DATA SHOWN:
--- START ---
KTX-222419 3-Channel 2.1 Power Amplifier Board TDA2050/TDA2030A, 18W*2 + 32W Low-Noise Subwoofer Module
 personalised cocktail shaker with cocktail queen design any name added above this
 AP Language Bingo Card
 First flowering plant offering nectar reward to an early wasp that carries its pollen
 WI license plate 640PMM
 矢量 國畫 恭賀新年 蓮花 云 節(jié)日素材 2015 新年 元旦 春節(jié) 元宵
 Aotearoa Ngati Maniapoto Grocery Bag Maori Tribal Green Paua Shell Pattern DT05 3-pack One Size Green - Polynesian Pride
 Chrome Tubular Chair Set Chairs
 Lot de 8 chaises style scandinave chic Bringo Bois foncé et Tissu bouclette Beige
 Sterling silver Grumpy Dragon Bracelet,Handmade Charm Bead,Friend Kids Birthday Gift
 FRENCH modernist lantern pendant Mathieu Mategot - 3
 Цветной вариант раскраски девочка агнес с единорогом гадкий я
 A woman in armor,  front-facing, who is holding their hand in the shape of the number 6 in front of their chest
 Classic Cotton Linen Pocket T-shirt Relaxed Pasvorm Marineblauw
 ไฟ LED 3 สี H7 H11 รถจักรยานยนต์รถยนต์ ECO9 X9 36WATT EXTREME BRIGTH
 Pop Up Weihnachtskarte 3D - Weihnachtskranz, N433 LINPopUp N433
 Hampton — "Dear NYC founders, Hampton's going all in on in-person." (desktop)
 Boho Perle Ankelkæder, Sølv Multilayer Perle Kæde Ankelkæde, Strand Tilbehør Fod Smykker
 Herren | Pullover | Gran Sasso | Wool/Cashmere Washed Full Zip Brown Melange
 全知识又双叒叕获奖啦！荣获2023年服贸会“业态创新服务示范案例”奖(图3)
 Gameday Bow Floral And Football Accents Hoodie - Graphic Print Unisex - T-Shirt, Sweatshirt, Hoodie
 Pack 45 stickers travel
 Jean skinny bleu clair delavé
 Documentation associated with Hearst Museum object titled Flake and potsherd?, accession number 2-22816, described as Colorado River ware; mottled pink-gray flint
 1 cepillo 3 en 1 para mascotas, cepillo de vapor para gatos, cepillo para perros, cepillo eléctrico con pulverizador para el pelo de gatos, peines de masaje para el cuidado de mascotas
--- END ---
TRY IT: Show every line of the records above that contains the word "number".

WRITTEN SOLUTION:
 A woman in armor,  front-facing, who is holding their hand in the shape of the number 6 in front of their chest
 Documentation associated with Hearst Museum object titled Flake and potsherd?, accession number 2-22816, described as Colorado River ware; mottled pink-gray flint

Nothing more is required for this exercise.